____ Source data

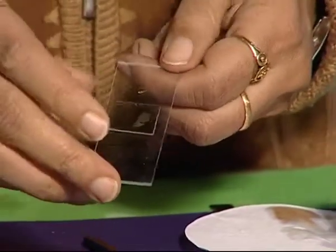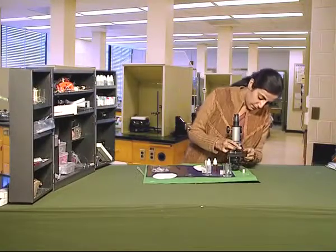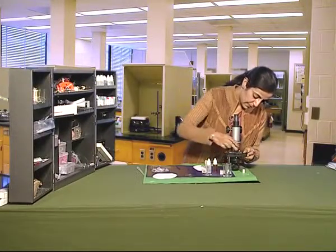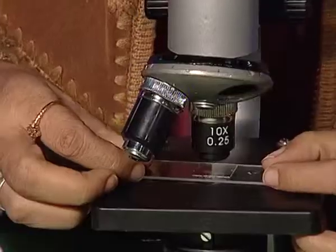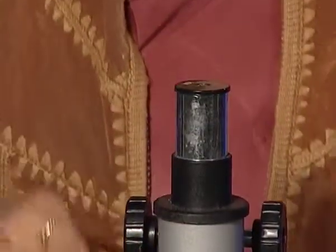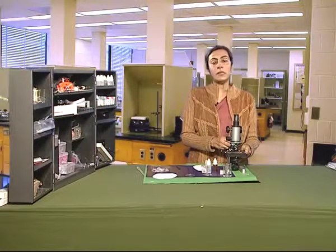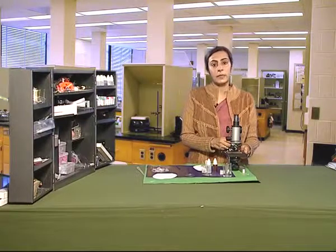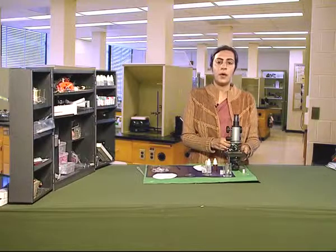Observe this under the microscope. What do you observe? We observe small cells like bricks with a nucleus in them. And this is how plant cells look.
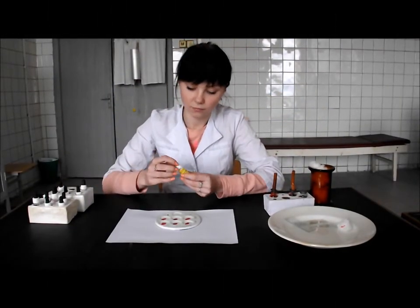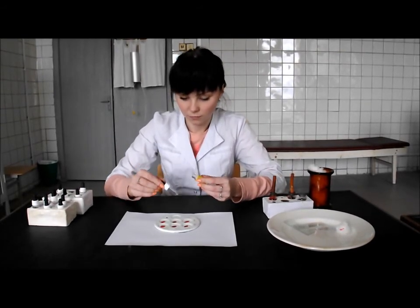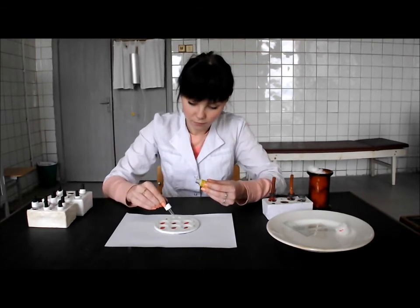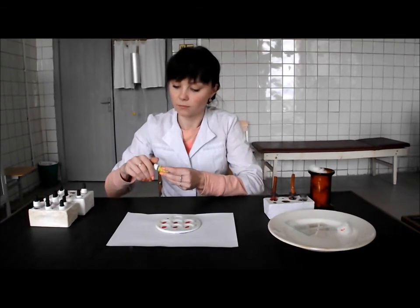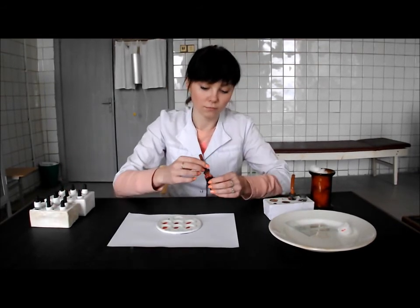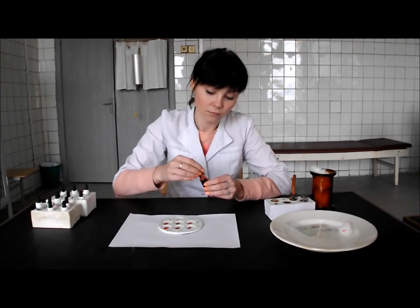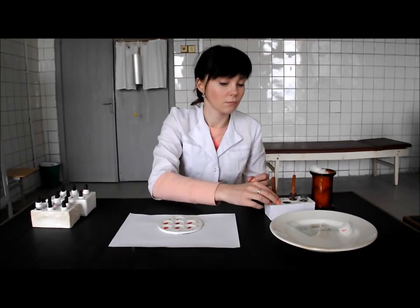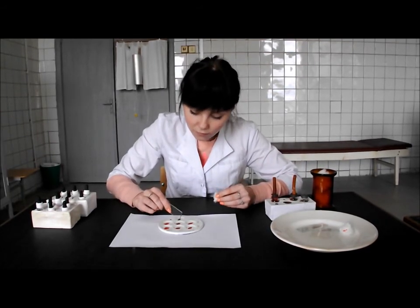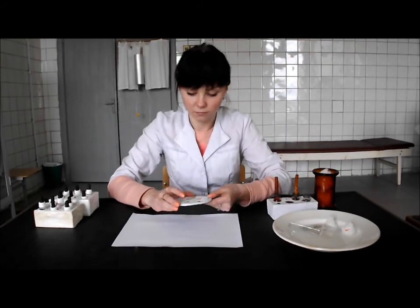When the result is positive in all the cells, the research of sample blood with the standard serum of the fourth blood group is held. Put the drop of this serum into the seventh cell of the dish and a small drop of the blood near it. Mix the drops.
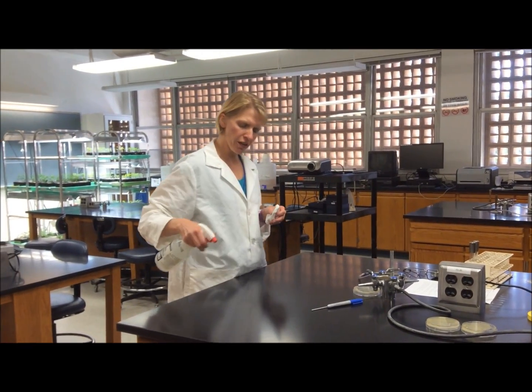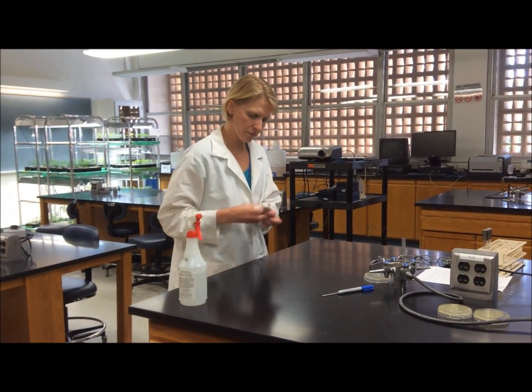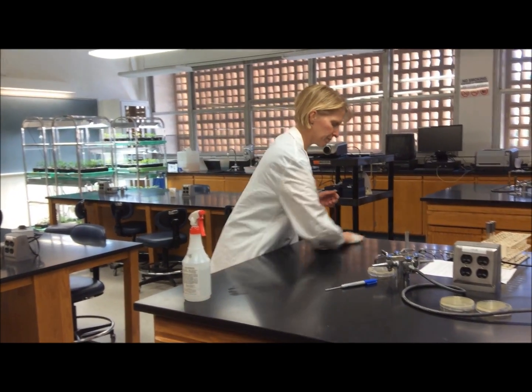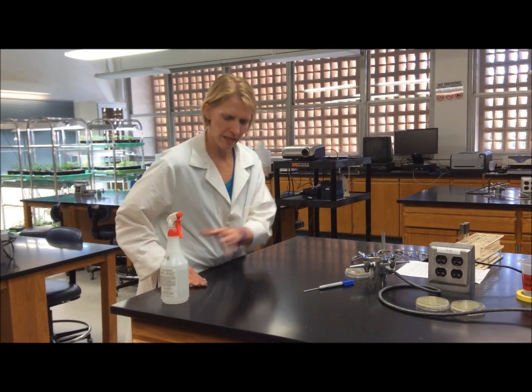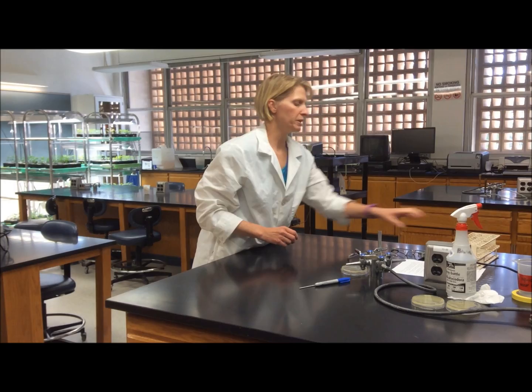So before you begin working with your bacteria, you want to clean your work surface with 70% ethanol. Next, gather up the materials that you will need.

________
____ Source data

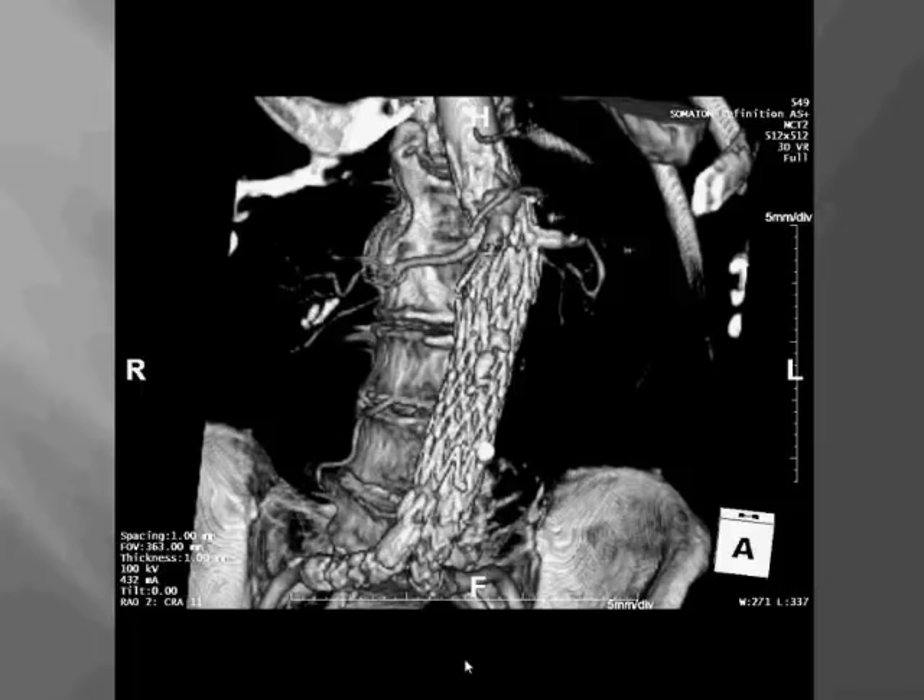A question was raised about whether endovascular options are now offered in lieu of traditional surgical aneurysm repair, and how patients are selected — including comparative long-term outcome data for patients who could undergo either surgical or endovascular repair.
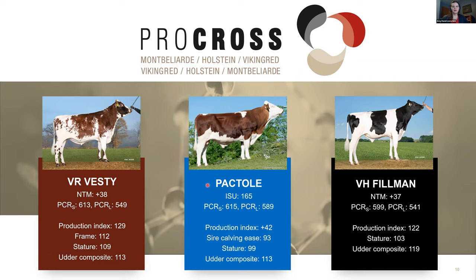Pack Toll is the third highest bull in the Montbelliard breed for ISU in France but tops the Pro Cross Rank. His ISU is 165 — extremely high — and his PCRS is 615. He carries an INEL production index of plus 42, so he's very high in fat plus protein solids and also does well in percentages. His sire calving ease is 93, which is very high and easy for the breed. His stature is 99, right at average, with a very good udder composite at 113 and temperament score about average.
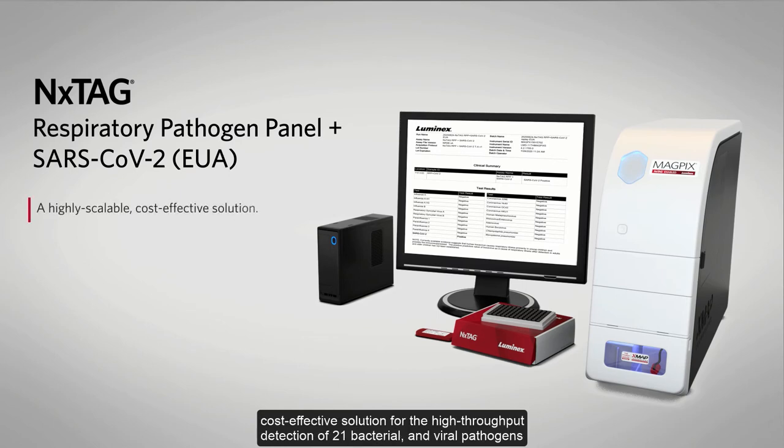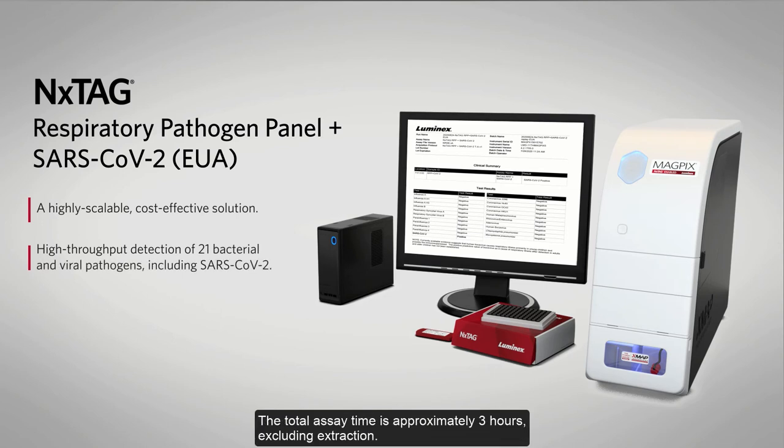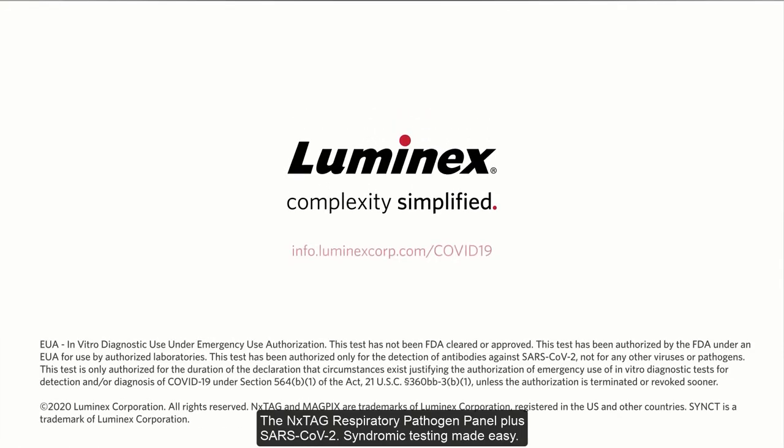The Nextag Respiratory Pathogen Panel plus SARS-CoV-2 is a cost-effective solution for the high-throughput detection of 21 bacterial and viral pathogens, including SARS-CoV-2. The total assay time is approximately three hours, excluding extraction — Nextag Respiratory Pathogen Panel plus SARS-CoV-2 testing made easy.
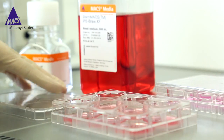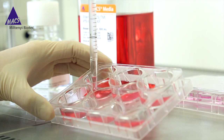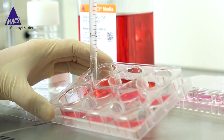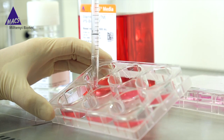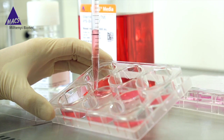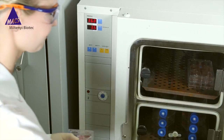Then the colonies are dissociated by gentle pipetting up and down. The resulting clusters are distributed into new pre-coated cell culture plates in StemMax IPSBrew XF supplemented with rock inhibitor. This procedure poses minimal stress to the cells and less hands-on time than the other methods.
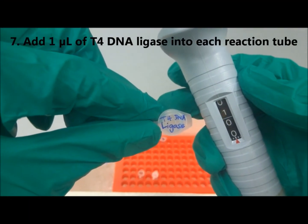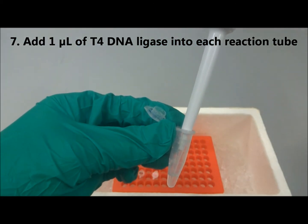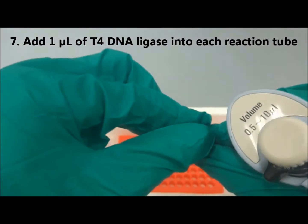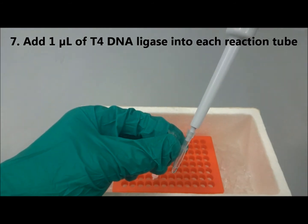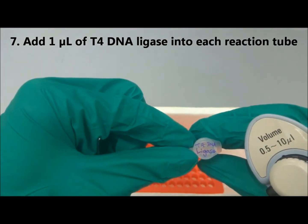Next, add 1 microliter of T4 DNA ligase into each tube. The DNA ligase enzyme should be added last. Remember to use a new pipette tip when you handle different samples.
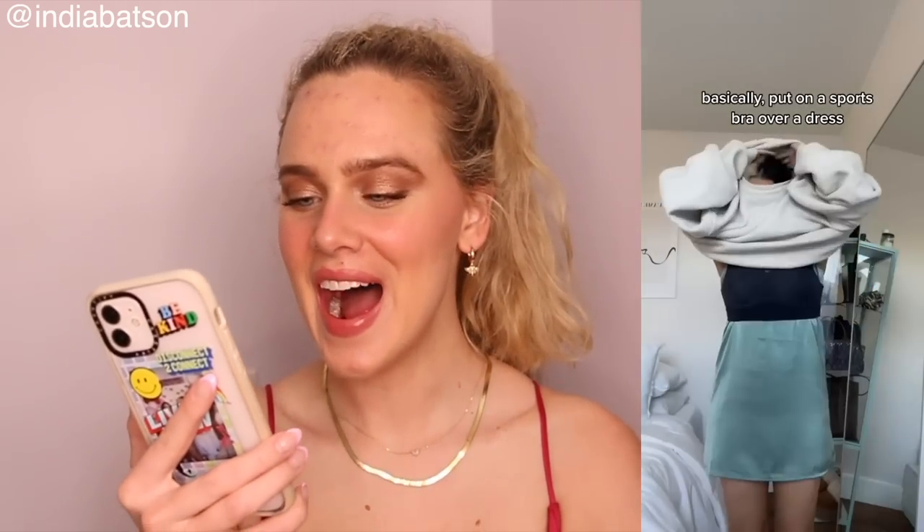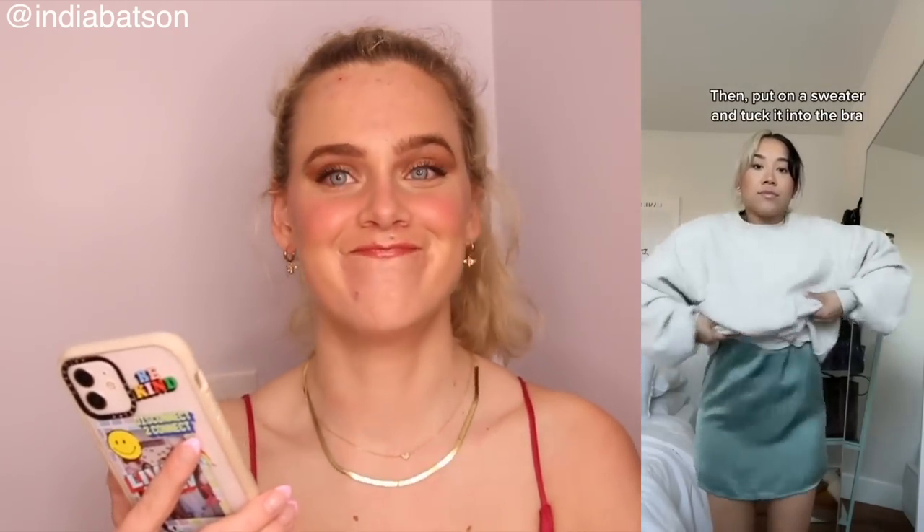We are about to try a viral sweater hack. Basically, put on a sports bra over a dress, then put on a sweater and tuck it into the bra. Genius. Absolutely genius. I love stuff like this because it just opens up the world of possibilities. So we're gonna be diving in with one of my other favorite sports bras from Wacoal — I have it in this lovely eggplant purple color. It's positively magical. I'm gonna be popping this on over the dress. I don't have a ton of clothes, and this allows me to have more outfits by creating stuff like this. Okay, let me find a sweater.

________

### Work required:
Output only the lines above from the line that holds "Observe this under" through the line that holds "So before you", both ends included, and exclude pictures.

### Output:
Observe this under the microscope. What do you observe? We observe small cells like bricks with a nucleus in them. And this is how plant cells look.
When the result is positive in all the cells, the research of sample blood with the standard serum of the fourth blood group is held. Put the drop of this serum into the seventh cell of the dish and a small drop of the blood near it. Mix the drops.
So before you begin working with your bacteria, you want to clean your work surface with 70% ethanol. Next, gather up the materials that you will need.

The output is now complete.